TASK STATEMENT:
Your reply is to be the lines below, exactly as written, with images omitted.

DATASET SECTION:
---
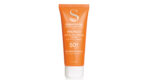 A bottle of Synbionyme Photo-3 Special Anti-Brown Spots sunscreen with SPF 50+, enriched with Alpha Arbutin and Vitamin C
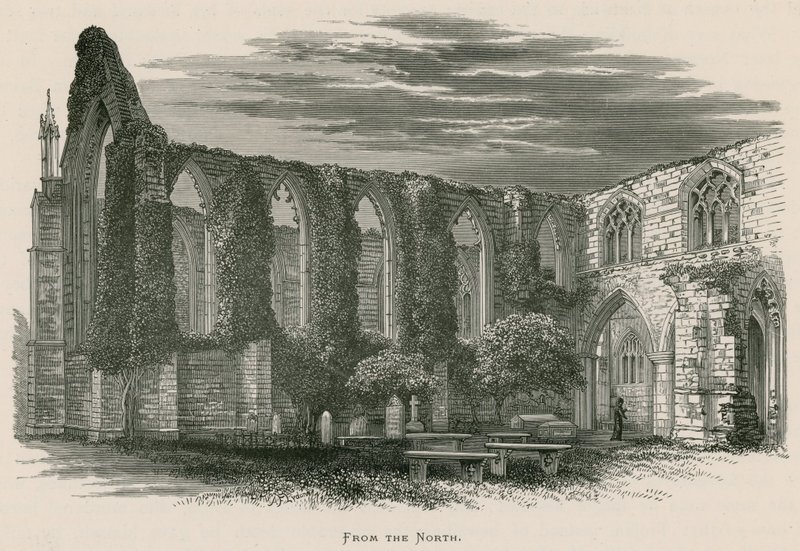 Bolton Priory, från norr av Alexander Francis Lydon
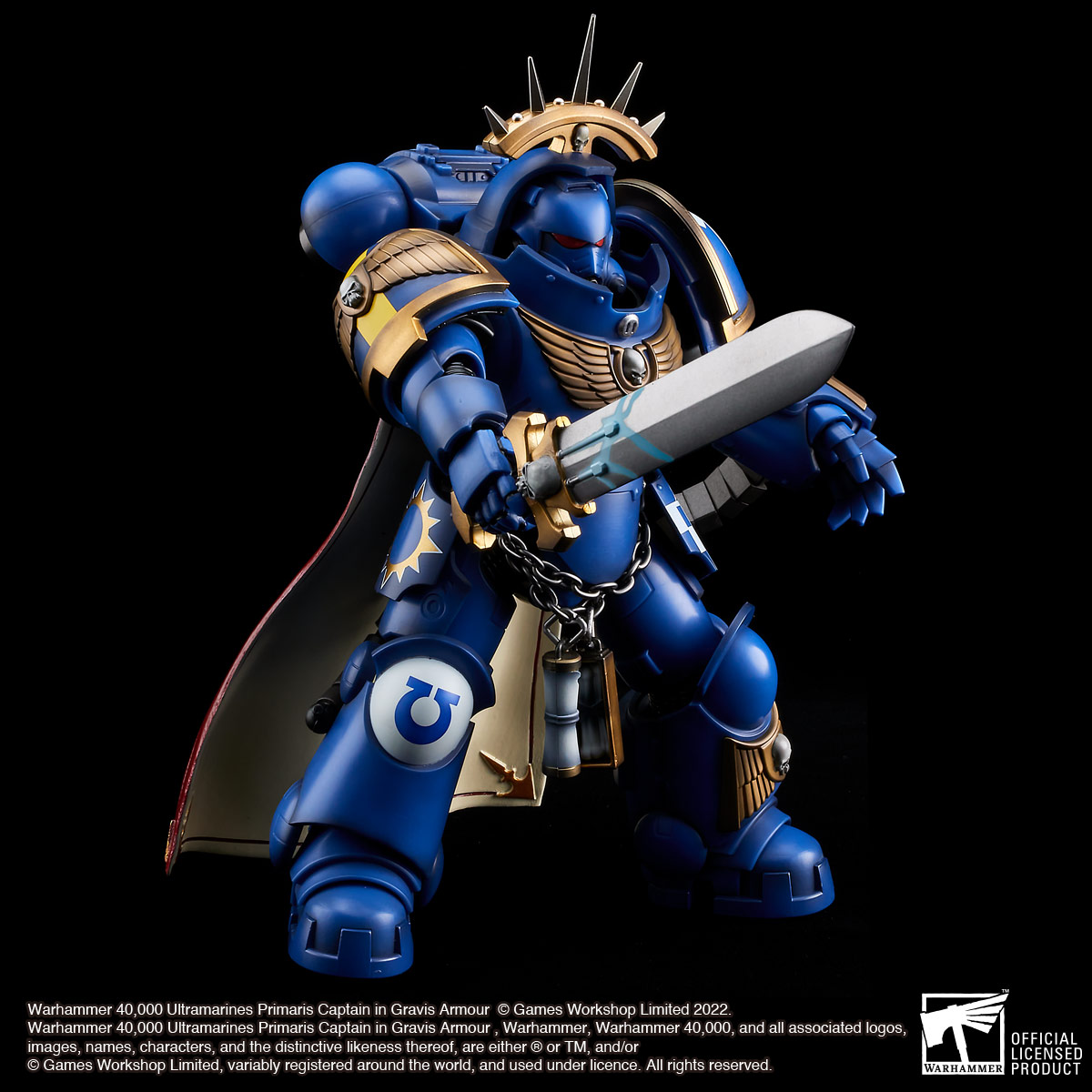 WARHAMMER 40,000 ULTRAMARINES PRIMARIS CAPTAIN IN GRAVIS ARMOUR [Second ...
---
TASK RESULT:
 A bottle of Synbionyme Photo-3 Special Anti-Brown Spots sunscreen with SPF 50+, enriched with Alpha Arbutin and Vitamin C
 Bolton Priory, från norr av Alexander Francis Lydon
 WARHAMMER 40,000 ULTRAMARINES PRIMARIS CAPTAIN IN GRAVIS ARMOUR [Second ...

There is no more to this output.